* _DATASET CONTENT_:
○ ○ ○ ○

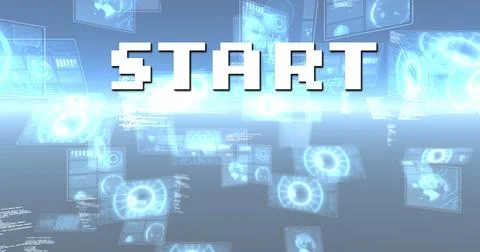 Image of start text over scope scanning and data processing Illustrazione stock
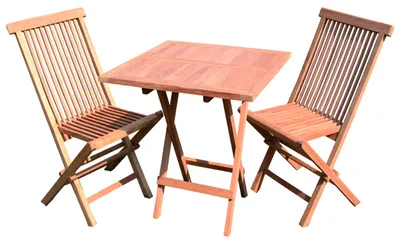 Produktbild von XL Teakholz Balkon-Set 3tlg. mit Tisch 80x80xm + 2 x Gartenstuhl Plantagenzucht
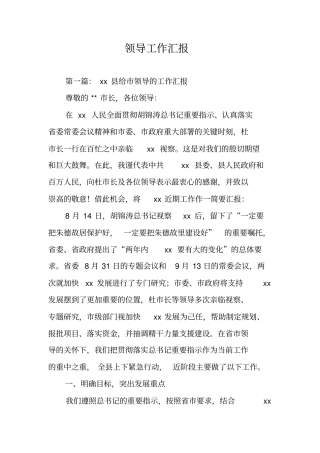 领导工作汇报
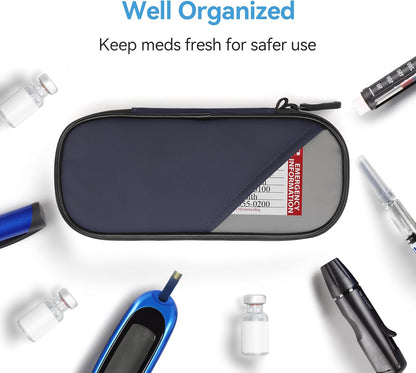 Gelozid Insulin Pen Cooler Travel Case Diabetic Medication Insulated Cool Organizer with 2 Reusable Ice Packs for Insulin Pen and Other Diabetic Supplies, for the Daily Life and Trip(Black)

○ ○ ○ ○

* _REQUIRED ACTION_: Any images must be left out; transcribe the rest of the material exactly.

* _RESPONSE TO THE TASK_:
 Image of start text over scope scanning and data processing Illustrazione stock
 Produktbild von XL Teakholz Balkon-Set 3tlg. mit Tisch 80x80xm + 2 x Gartenstuhl Plantagenzucht
 领导工作汇报
 Gelozid Insulin Pen Cooler Travel Case Diabetic Medication Insulated Cool Organizer with 2 Reusable Ice Packs for Insulin Pen and Other Diabetic Supplies, for the Daily Life and Trip(Black)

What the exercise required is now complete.